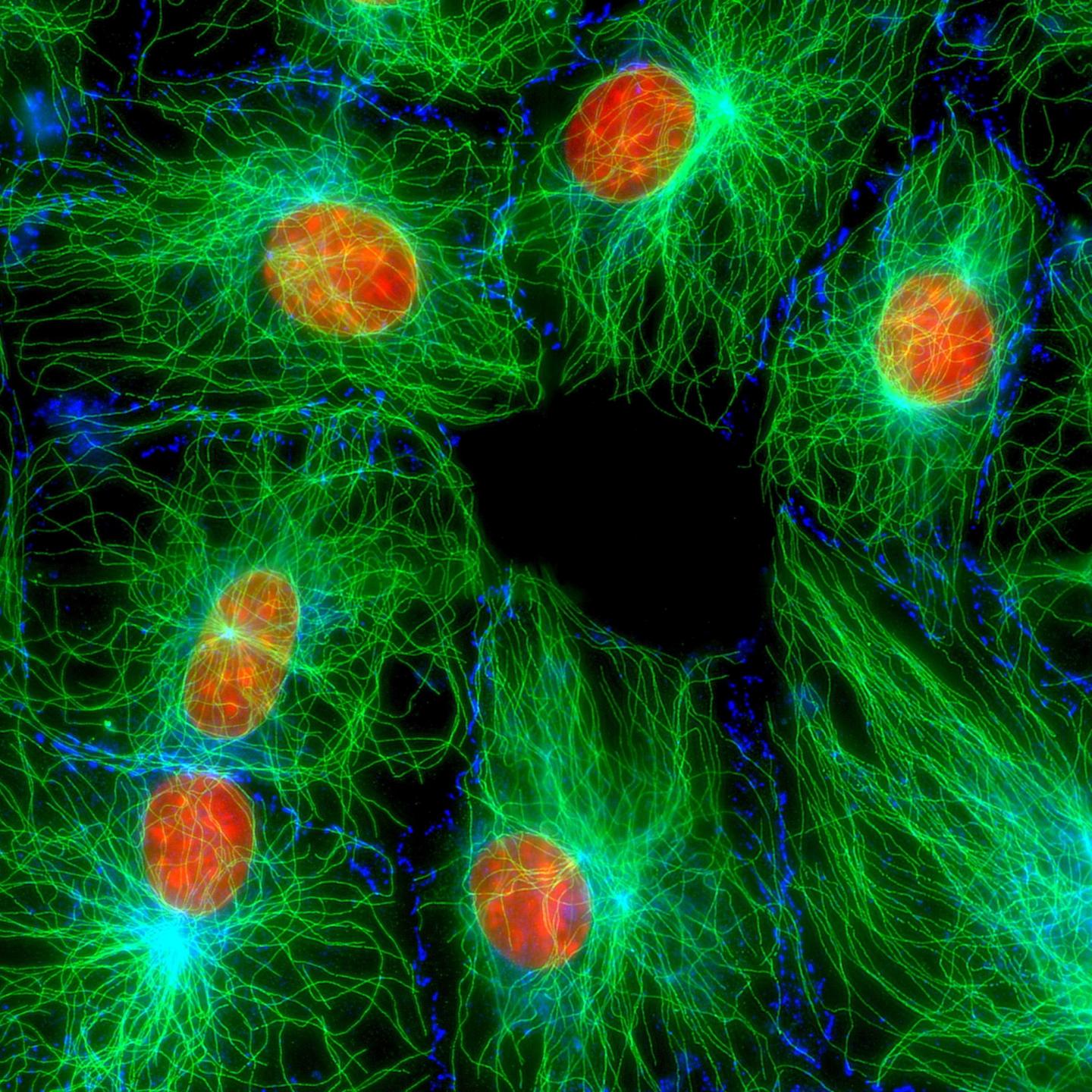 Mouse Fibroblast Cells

=-=-=

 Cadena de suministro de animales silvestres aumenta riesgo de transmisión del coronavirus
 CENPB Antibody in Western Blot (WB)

=-=-=

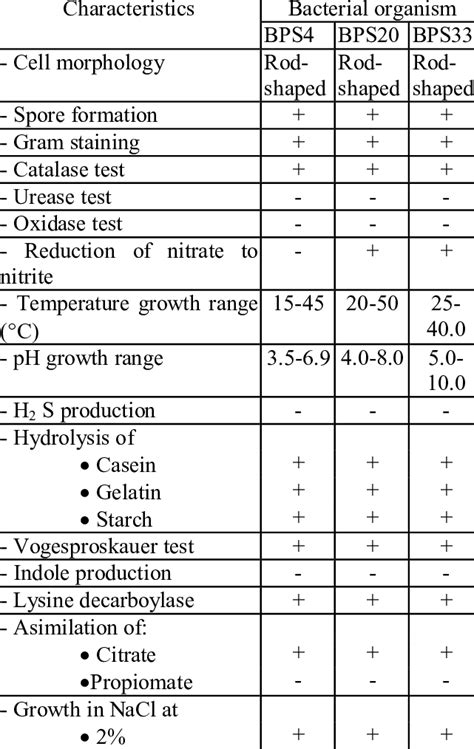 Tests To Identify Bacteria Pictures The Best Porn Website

=-=-=

THE PROBLEM: The stretch of entries above that starts with the line containing "Cadena de suministro" and goes on through the line containing "CENPB Antibody in Western Blot (WB)" is to be transcribed exactly, and no other line is to be transcribed.

TASK SOLUTION:
 Cadena de suministro de animales silvestres aumenta riesgo de transmisión del coronavirus
 CENPB Antibody in Western Blot (WB)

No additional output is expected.